[Captioned web images]

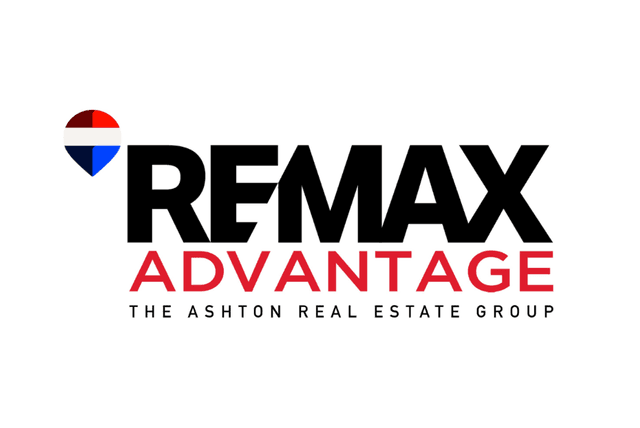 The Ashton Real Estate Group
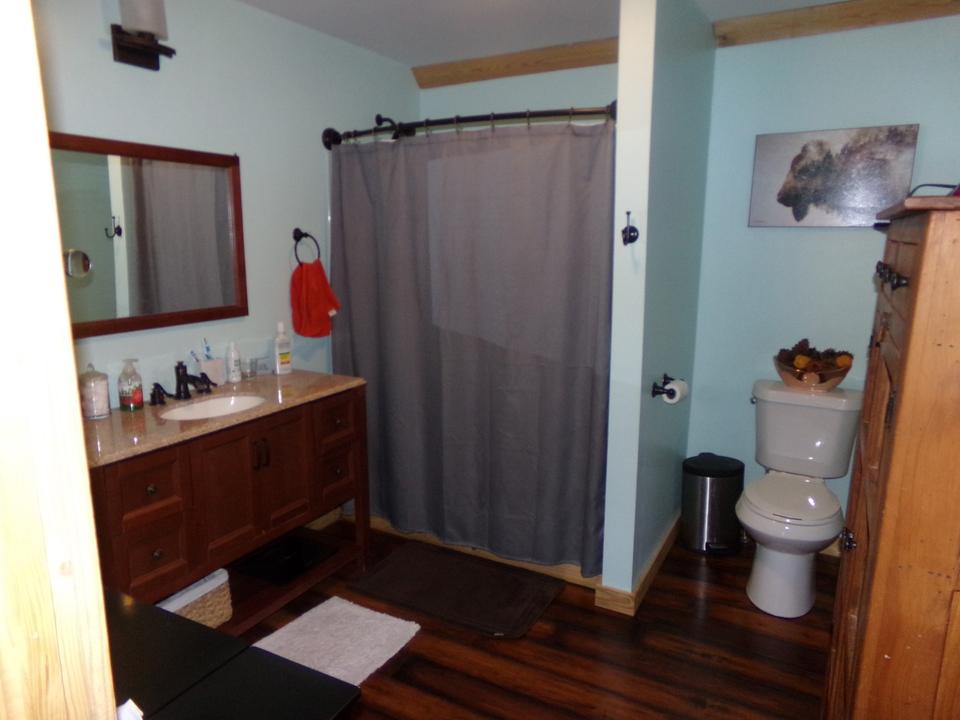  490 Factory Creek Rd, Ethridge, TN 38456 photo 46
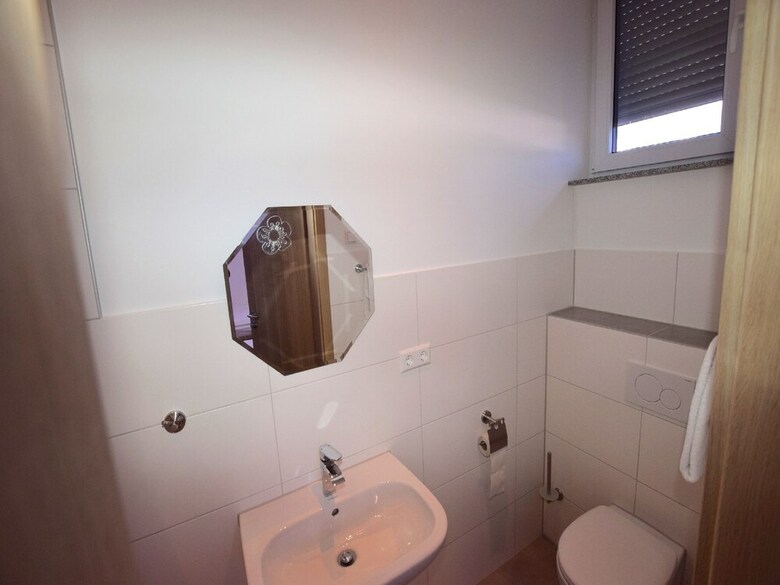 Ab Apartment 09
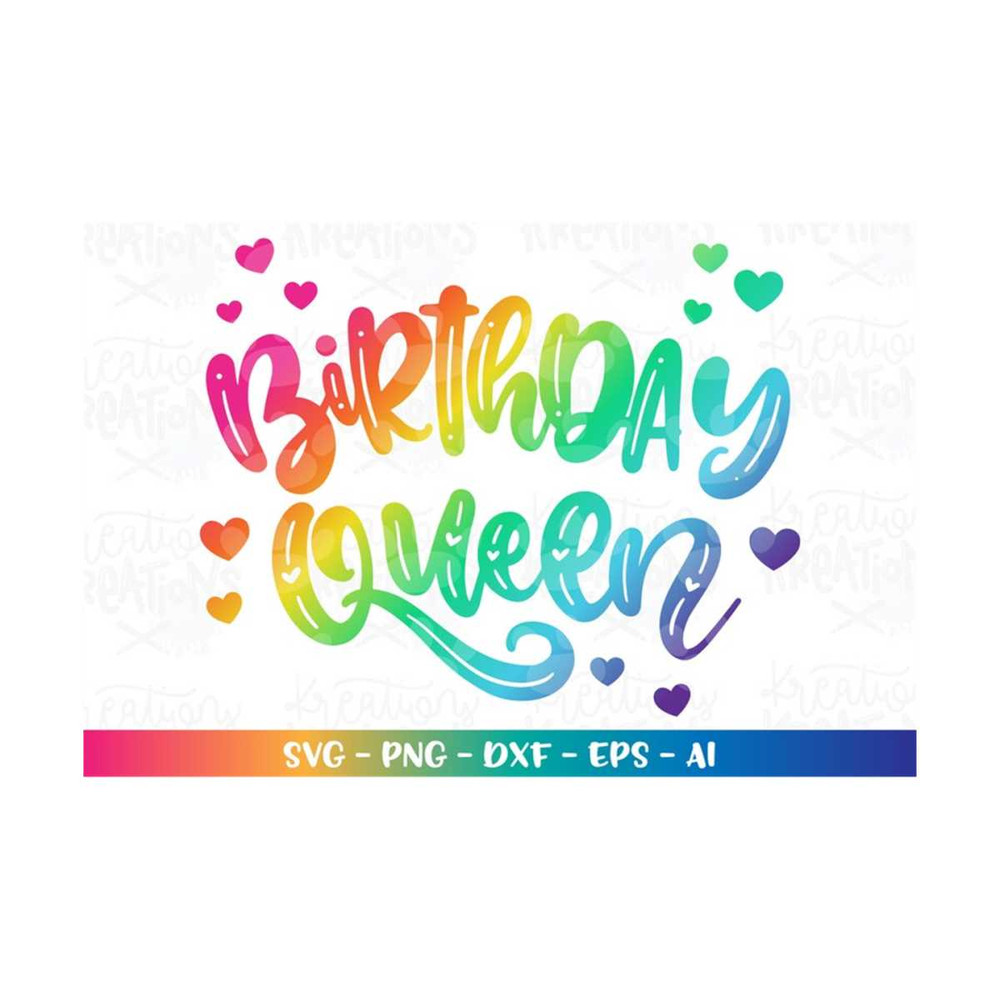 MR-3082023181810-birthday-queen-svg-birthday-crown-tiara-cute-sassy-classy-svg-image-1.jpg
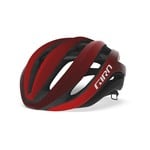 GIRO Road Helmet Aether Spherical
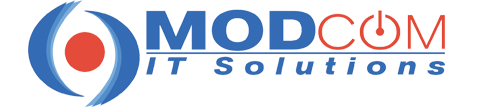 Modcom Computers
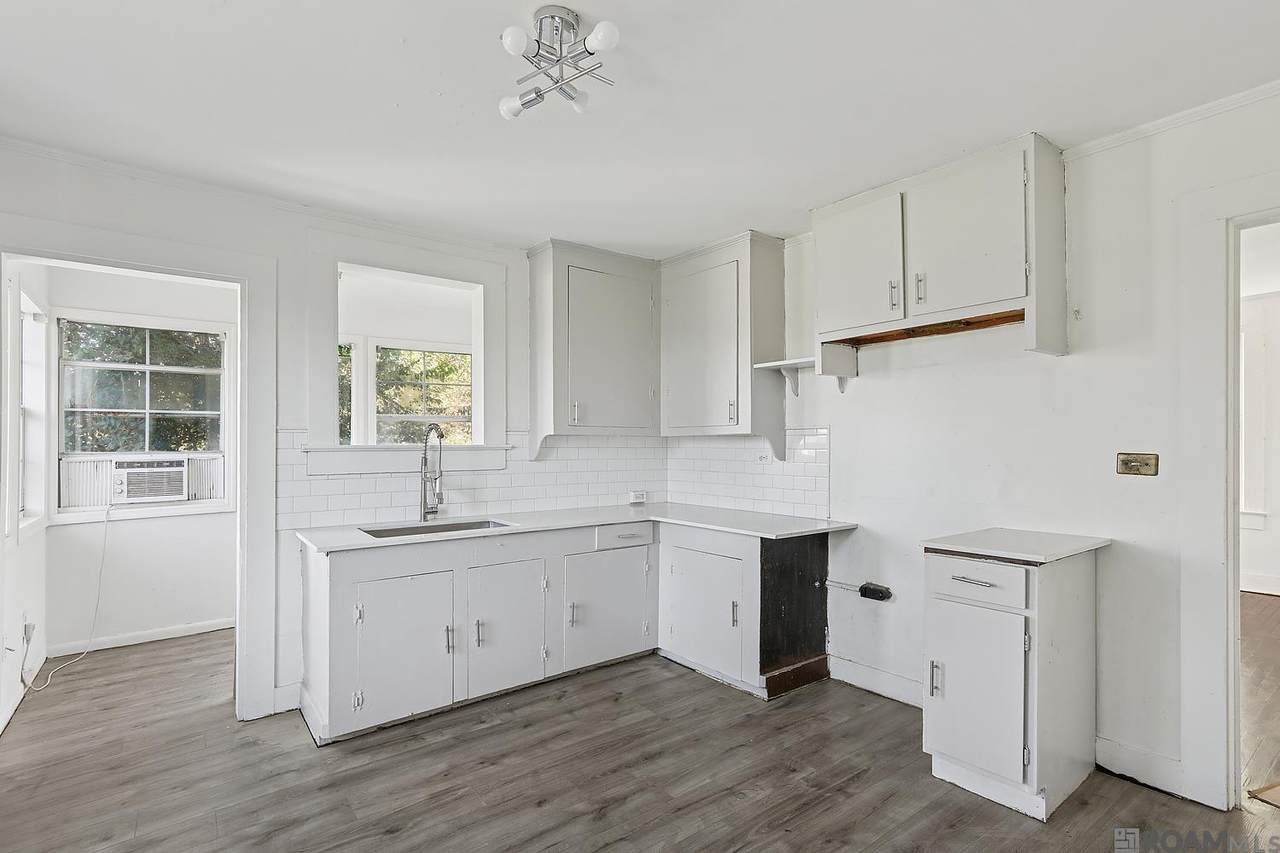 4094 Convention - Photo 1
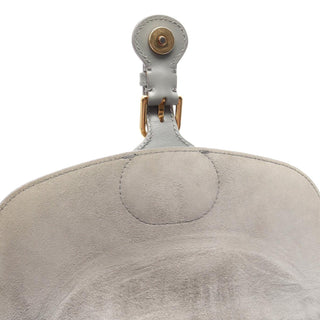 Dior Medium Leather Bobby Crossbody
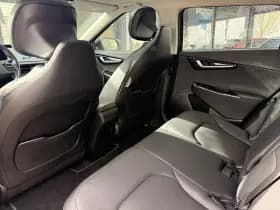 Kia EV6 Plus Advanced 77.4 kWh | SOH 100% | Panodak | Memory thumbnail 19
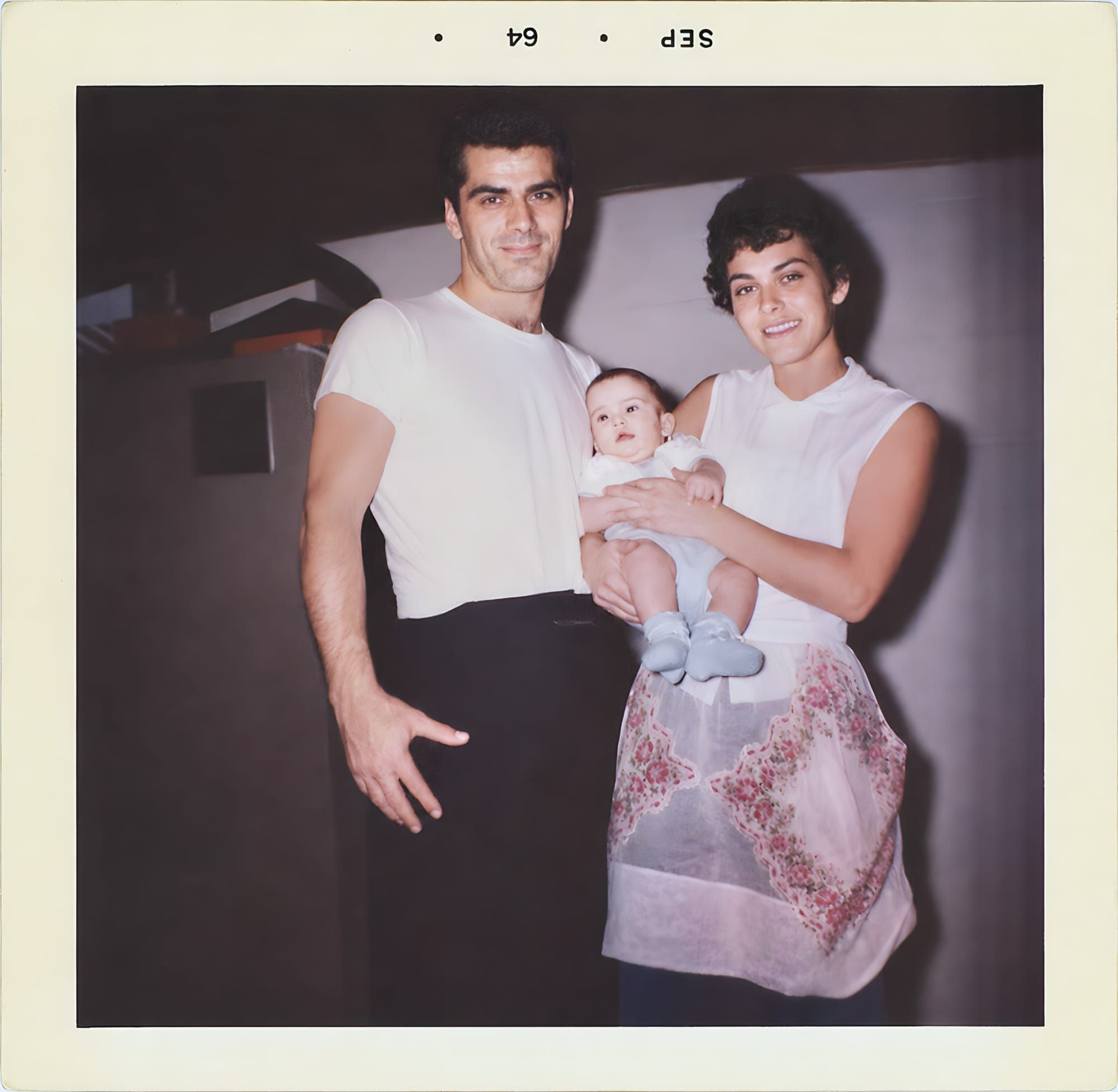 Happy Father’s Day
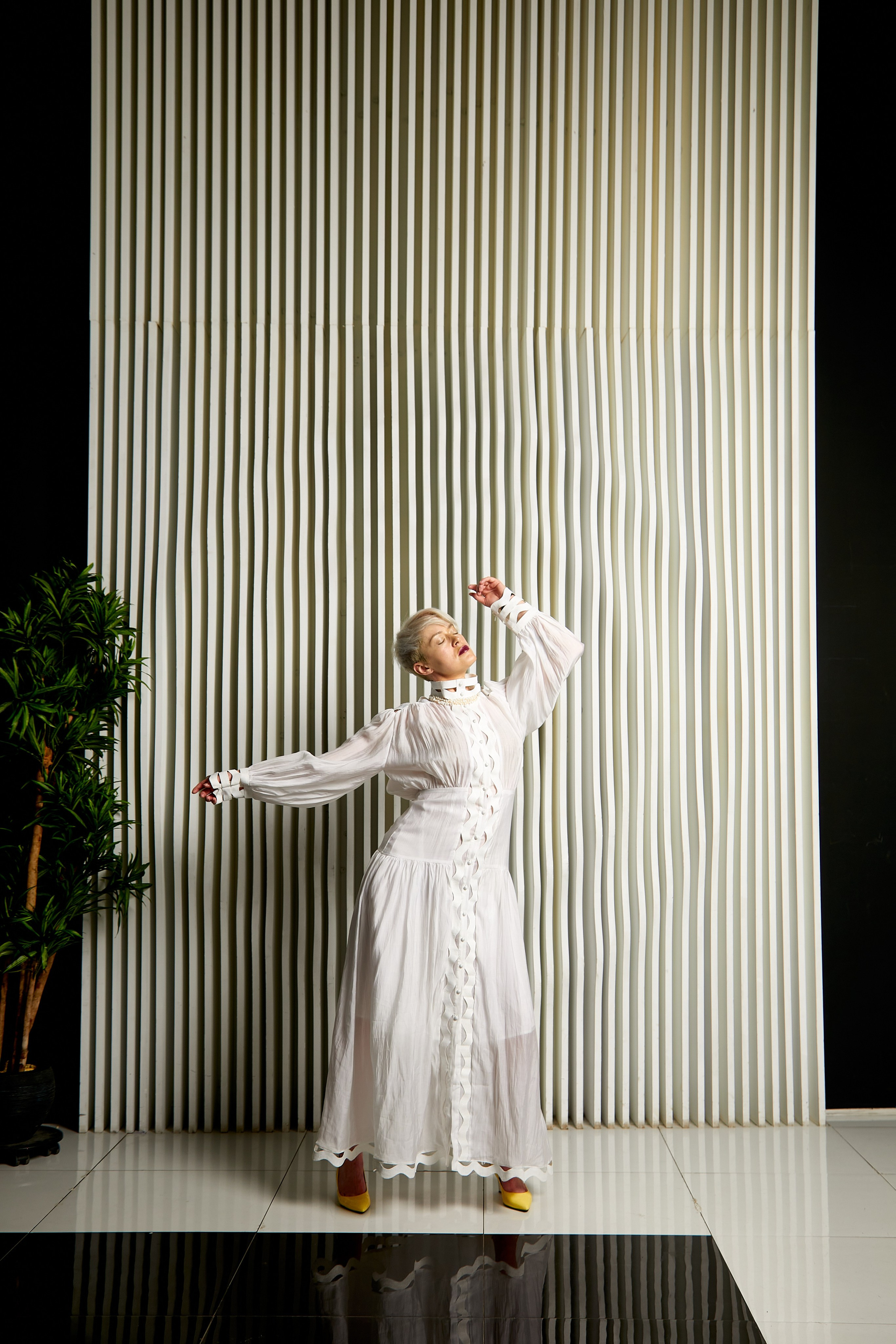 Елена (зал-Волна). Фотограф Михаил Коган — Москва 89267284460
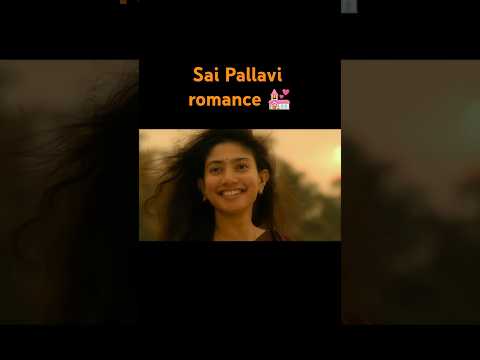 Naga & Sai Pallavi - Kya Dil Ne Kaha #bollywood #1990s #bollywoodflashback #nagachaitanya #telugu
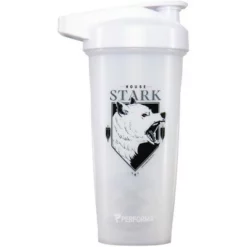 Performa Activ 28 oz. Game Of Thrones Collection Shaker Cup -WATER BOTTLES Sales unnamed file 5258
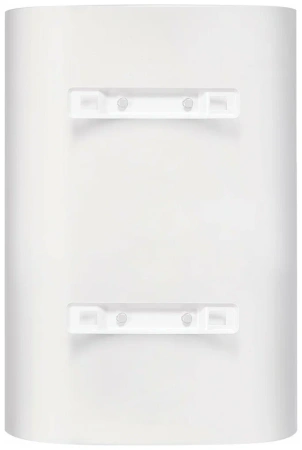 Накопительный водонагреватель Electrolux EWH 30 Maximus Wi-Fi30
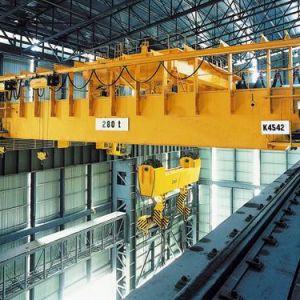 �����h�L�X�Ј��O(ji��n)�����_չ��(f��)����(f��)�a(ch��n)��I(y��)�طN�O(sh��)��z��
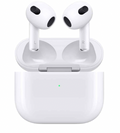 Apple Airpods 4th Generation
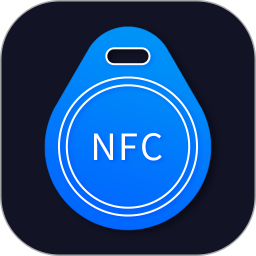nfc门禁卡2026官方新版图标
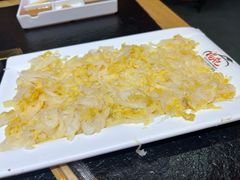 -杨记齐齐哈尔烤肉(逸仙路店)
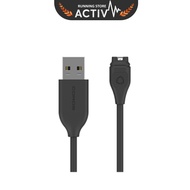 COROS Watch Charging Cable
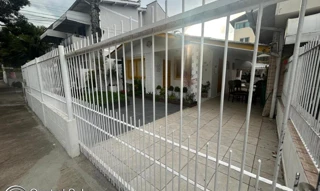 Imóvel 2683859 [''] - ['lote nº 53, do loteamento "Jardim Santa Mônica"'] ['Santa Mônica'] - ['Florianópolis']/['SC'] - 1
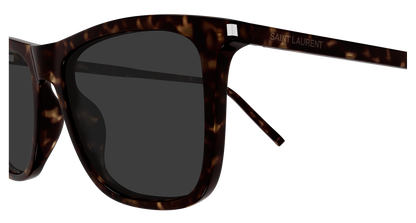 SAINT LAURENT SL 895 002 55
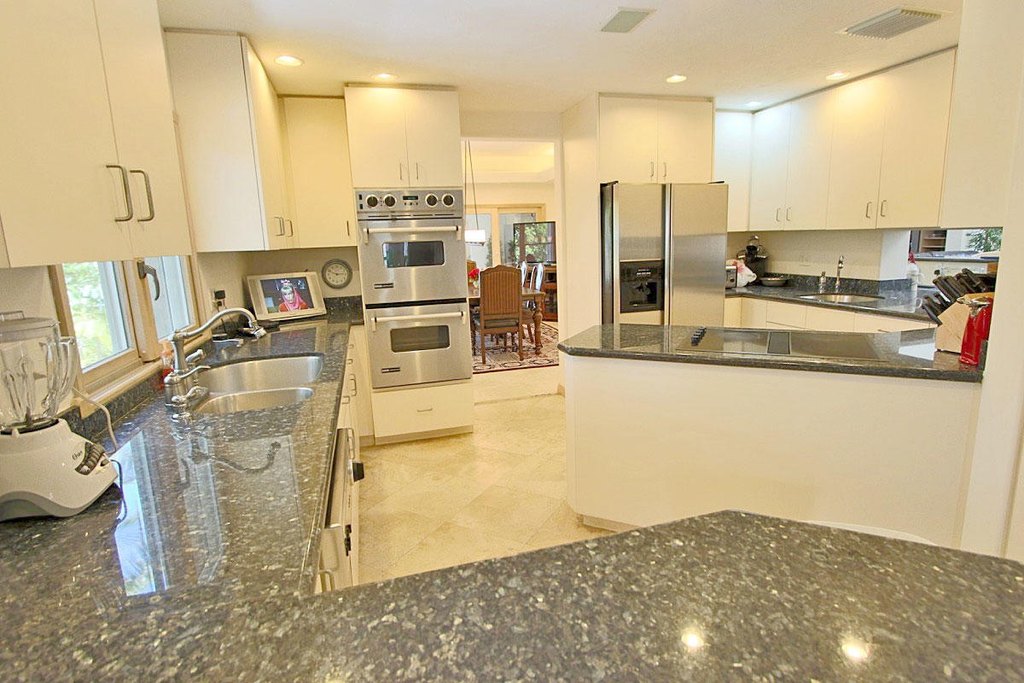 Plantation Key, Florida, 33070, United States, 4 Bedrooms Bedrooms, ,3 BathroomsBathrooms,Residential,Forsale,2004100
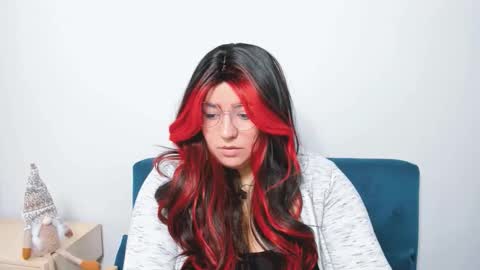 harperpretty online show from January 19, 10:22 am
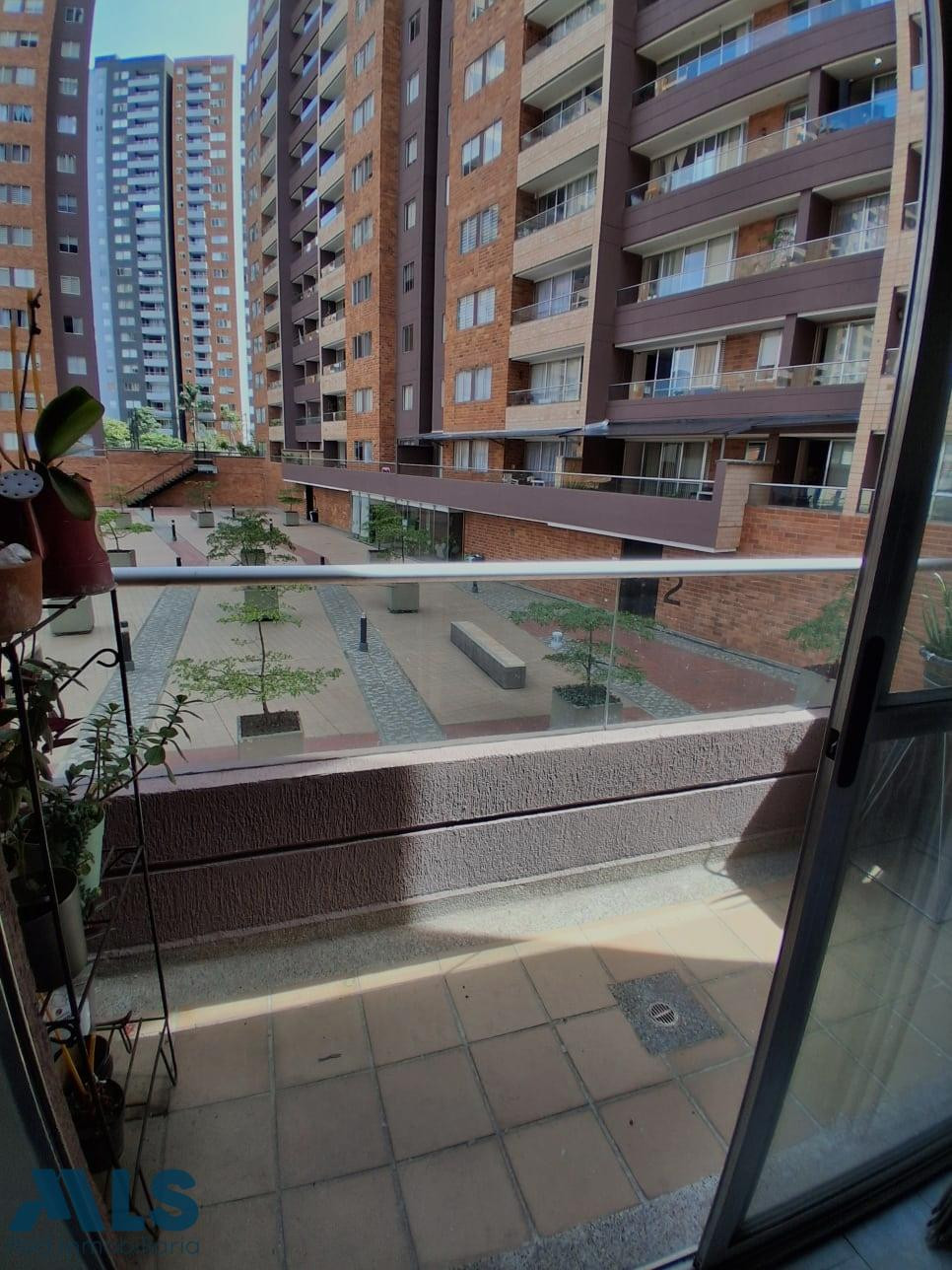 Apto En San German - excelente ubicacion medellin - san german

#### [TRY IT]
Only the records are wanted, copied exactly, with the pictures dropped.

#### [ANSWER SECTION]
 The Ashton Real Estate Group
  490 Factory Creek Rd, Ethridge, TN 38456 photo 46
 Ab Apartment 09
 MR-3082023181810-birthday-queen-svg-birthday-crown-tiara-cute-sassy-classy-svg-image-1.jpg
 GIRO Road Helmet Aether Spherical
 Modcom Computers
 4094 Convention - Photo 1
 Dior Medium Leather Bobby Crossbody
 Kia EV6 Plus Advanced 77.4 kWh | SOH 100% | Panodak | Memory thumbnail 19
 Happy Father’s Day
 Елена (зал-Волна). Фотограф Михаил Коган — Москва 89267284460
 Naga & Sai Pallavi - Kya Dil Ne Kaha #bollywood #1990s #bollywoodflashback #nagachaitanya #telugu
 Performa Activ 28 oz. Game Of Thrones Collection Shaker Cup -WATER BOTTLES Sales unnamed file 5258
 Накопительный водонагреватель Electrolux EWH 30 Maximus Wi-Fi30
 �����h�L�X�Ј��O(ji��n)�����_չ��(f��)����(f��)�a(ch��n)��I(y��)�طN�O(sh��)��z��
 Apple Airpods 4th Generation
nfc门禁卡2026官方新版图标
 -杨记齐齐哈尔烤肉(逸仙路店)
 COROS Watch Charging Cable
 Imóvel 2683859 [''] - ['lote nº 53, do loteamento "Jardim Santa Mônica"'] ['Santa Mônica'] - ['Florianópolis']/['SC'] - 1
 SAINT LAURENT SL 895 002 55
 Plantation Key, Florida, 33070, United States, 4 Bedrooms Bedrooms, ,3 BathroomsBathrooms,Residential,Forsale,2004100
 harperpretty online show from January 19, 10:22 am
 Apto En San German - excelente ubicacion medellin - san german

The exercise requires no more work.